Referring to Islington borough council's decision not to serve pork in any primary schools, Dawkins admitted the council had denied there was an outright ban. The council has promised to work with any school that wishes to serve pork.

But Dawkins said that the wish to respect the "beliefs" of four-year-old children, as one council spokesman had implied was the case, was inappropriate. 

"Religion is the one exception we all make to the rule: don't label children with the opinions of their parents," he said.

"Unlike national labels, religious labels carry a baggage of personal opinion. Catholics believe Jesus was born of a virgin mother who never died but was 'assumed' bodily into heaven. Mormons believe Jesus visited America and that Native Americans migrated from Israel."

At the very least it negates the ideal, held dear by all decent educationists, that children should be taught to think for themselves, he added.

He admitted that many of his Jewish friends, almost all atheists, see no harm in celebrating traditional festivals, and he himself enjoys cathedral carol services and harvest festivals in country churches.

"Tradition is fine where it amounts to songs or literature, styles of dress or architecture. But tradition is a terrible basis for ethics, or beliefs about the origin of the universe or the evolution of life," he added.
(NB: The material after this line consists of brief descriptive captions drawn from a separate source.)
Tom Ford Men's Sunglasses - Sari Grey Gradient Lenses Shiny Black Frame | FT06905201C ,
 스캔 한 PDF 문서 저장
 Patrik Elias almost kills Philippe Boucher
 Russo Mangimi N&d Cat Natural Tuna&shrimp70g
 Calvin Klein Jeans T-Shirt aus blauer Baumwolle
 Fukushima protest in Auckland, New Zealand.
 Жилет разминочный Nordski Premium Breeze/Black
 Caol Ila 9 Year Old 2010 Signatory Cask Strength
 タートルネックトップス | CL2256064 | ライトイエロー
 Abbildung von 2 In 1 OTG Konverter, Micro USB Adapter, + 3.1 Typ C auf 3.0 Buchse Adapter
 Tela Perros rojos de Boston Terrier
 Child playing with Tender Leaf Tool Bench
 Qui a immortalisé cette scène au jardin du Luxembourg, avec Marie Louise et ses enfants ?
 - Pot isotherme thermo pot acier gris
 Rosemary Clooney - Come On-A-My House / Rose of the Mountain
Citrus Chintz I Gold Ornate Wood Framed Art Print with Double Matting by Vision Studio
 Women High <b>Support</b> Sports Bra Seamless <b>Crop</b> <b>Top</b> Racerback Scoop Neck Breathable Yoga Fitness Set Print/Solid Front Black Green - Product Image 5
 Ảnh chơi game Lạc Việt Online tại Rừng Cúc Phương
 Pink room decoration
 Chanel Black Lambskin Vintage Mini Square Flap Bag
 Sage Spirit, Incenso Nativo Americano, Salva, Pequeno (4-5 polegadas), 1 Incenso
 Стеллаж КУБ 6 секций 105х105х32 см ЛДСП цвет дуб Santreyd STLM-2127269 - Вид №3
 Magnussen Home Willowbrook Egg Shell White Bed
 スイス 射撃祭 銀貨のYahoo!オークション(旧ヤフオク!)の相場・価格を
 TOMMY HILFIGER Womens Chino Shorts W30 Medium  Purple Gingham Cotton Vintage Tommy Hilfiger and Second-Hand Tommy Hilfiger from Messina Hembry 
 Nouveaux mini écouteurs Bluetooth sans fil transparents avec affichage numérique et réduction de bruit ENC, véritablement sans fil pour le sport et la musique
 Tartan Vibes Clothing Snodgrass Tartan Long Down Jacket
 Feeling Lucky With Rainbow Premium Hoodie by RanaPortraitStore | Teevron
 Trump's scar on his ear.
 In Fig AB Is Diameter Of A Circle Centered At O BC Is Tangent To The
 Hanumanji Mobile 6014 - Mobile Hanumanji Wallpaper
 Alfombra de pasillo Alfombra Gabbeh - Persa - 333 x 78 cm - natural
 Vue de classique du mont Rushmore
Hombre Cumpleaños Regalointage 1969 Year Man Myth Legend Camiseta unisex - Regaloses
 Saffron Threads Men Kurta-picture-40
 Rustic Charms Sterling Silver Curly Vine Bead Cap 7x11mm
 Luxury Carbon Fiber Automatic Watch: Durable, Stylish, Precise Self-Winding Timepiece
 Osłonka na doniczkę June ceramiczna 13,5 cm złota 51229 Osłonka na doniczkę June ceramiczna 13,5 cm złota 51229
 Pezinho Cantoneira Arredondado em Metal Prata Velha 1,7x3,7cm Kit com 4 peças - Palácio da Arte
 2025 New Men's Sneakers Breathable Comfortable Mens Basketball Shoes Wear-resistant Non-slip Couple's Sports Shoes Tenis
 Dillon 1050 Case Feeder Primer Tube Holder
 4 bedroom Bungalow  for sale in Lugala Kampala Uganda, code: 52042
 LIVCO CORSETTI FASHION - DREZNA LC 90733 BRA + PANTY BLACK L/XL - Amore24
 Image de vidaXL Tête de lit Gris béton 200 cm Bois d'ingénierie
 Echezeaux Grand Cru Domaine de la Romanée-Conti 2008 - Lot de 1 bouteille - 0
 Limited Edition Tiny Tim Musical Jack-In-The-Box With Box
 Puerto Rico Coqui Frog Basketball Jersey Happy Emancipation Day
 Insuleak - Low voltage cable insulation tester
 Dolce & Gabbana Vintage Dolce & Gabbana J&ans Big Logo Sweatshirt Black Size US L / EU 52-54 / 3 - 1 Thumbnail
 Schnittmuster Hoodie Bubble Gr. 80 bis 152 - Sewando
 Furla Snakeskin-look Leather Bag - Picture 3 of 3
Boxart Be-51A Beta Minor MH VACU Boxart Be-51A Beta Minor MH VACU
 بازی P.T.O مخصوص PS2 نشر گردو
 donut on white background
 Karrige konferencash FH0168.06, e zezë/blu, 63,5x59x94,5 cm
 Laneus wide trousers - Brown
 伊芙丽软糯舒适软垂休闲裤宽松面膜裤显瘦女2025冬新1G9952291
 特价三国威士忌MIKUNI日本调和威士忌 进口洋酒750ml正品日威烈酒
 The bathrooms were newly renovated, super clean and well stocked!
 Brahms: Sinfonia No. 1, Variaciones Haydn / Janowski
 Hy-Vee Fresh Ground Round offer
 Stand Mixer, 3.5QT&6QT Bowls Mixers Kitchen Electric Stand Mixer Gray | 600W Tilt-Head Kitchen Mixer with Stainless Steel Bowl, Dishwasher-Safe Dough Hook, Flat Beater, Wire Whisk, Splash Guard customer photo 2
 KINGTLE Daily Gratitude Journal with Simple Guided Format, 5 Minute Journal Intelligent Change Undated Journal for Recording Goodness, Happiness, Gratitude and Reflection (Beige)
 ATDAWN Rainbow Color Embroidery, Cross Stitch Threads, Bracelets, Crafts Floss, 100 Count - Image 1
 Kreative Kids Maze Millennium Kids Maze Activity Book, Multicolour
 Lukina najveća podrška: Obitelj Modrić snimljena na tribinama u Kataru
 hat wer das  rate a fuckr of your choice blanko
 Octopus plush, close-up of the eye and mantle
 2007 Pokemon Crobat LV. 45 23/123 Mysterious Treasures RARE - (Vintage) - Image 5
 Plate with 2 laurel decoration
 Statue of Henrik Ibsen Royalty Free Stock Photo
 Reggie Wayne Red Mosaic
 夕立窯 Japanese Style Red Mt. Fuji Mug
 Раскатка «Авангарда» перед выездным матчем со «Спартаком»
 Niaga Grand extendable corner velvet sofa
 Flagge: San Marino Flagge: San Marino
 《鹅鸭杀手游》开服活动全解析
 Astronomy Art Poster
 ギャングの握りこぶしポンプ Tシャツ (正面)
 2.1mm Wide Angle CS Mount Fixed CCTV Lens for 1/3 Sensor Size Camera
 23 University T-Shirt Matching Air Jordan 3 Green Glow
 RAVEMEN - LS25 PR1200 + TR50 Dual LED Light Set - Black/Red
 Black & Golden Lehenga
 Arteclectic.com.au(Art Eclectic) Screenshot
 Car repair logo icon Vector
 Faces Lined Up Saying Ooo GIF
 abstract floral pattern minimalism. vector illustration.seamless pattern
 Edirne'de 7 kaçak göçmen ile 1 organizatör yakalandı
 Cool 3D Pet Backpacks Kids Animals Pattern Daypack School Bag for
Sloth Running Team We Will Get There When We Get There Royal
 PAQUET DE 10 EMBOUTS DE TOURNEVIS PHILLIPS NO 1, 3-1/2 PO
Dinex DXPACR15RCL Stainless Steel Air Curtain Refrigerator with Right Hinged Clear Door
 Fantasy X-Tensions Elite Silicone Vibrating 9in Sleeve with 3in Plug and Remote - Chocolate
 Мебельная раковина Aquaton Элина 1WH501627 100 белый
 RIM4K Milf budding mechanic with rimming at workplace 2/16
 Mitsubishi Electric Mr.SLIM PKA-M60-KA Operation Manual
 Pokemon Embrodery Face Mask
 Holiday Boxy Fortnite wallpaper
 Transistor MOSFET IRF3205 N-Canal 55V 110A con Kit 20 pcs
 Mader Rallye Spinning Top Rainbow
Later, backing a campaign by Atheist Ireland to overhaul the country's education system, he told The Irish Times: "There is a balancing act and you have to balance the rights of parents and the rights of children and I think the balance has swung too far towards parents... Children do need to be protected so that they can have a proper education and not be indoctrinated in whatever religion their parents happen to have been brought up in."